Error logs indicate the system needs Java for the package installer to work properly. As verified and documented below, it does not; it only needs a “framework folder” containing some reference information and will work just fine without a JRE, JVM, JDK, or any other part of Java.
Attempts to install anything from a *.pkg results in “Installer quit unexpectedly.” error message.
Below is a snippet taken from multiple error logs resulting from trying to install different packages (two 3rd party apps, two Apple developer downloads, one OS X update, and one Oracle Java update). All six pkg installations failed with error logs containing these same lines.
The problem… a few weeks ago I scrubbed the system of all traces of Java that I could find. In light of all the recent Java exploit news, I wanted to test how complicated it would be to completely purge Java from the system; and I wanted to see if doing so would bring any unexpected consequences. Well, removing all traces is complicated (and difficult to verify with certainty). Although everything on the system continued to work fine, at first, there are unexpected dependencies… such as Apple referencing a Java Framework within their package installer.

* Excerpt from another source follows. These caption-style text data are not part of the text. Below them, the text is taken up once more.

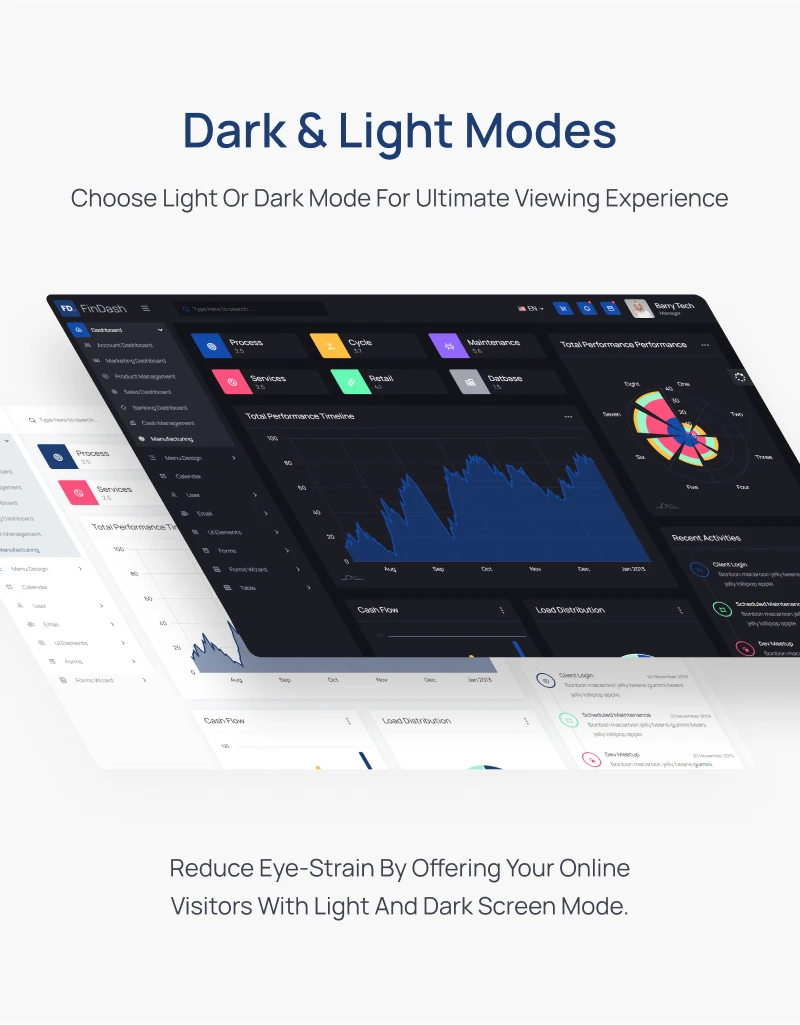 FinDash - Finance Sales Dashboard (VueJS, HTML) - 12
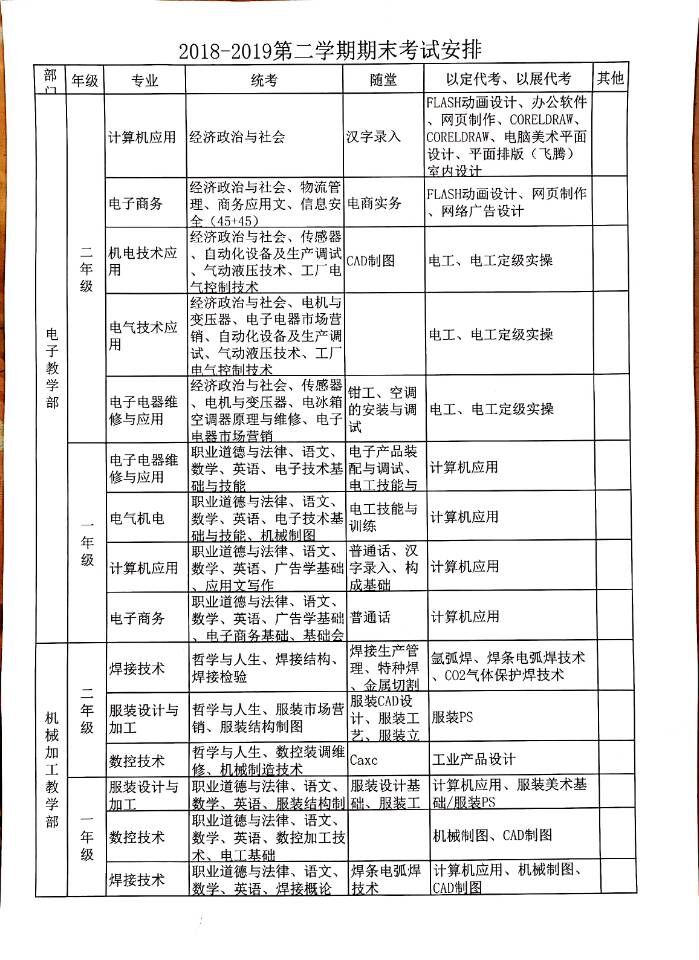 9-学业成绩评价之多样考试方式王勇20190103.jpg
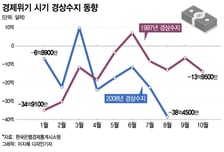 "1997년, 2008년..." 경제위기엔 늘 경상수지 적자가 있었다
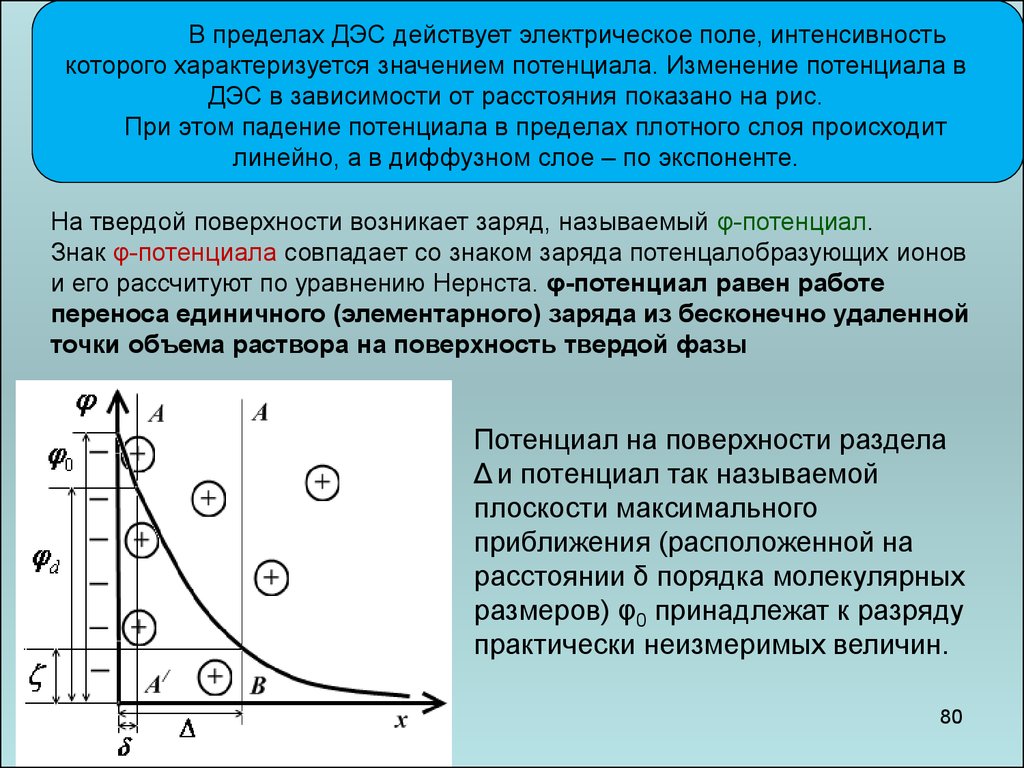 read Волоконно оптические устройства технологического назначения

Given the amount of “stuff” Apple OS X inherited from Sun Solaris over the years, this shouldn’t come as too big a surprise. Sun used to regularly hard code Java Library dependencies into products which didn’t actually need them. While the text of the error messages are different (but not by much), this is the exact behavior encountered installing certain Sun applications from the command line on headless servers… i.e.., the server had absolutely no reason to load a graphical environment, but the software installer was hard coded to look for the Java GUI packages. For environments where security policies forbid unnecessary packages, we’d isolate the server, load the extra packages, complete the installation, and the remove the unnecessary packages… after the initial install/config was worked out, the organization would use DR processes to build new instances (eliminating the need to keep fiddling with those GUI packages).
ByTheWay, command line “Installer -vers” outputs “… v. 1.5.0 Copywright (c) 1999-2006 … ” That does match up with the time frame when code was being merged into OS X 10.4 from Solaris 10.
The fix… well, four of the above package installation attempts were attempts at fixing. This is why hard coding dependencies is a bad idea; attempting to install a package that would solve the problem requires the referenced package, and fails. After some research (and documentation of activity thus far), I tried another command line
oops… got ahead of myself there. That one may have been like swatting flies with a canon and I’d intended to try various command line options on the java packages first. It’s done and requesting system restart now. Didn’t matter, it didn’t solve the problem. The framework was not restored and normal package installations are still failing.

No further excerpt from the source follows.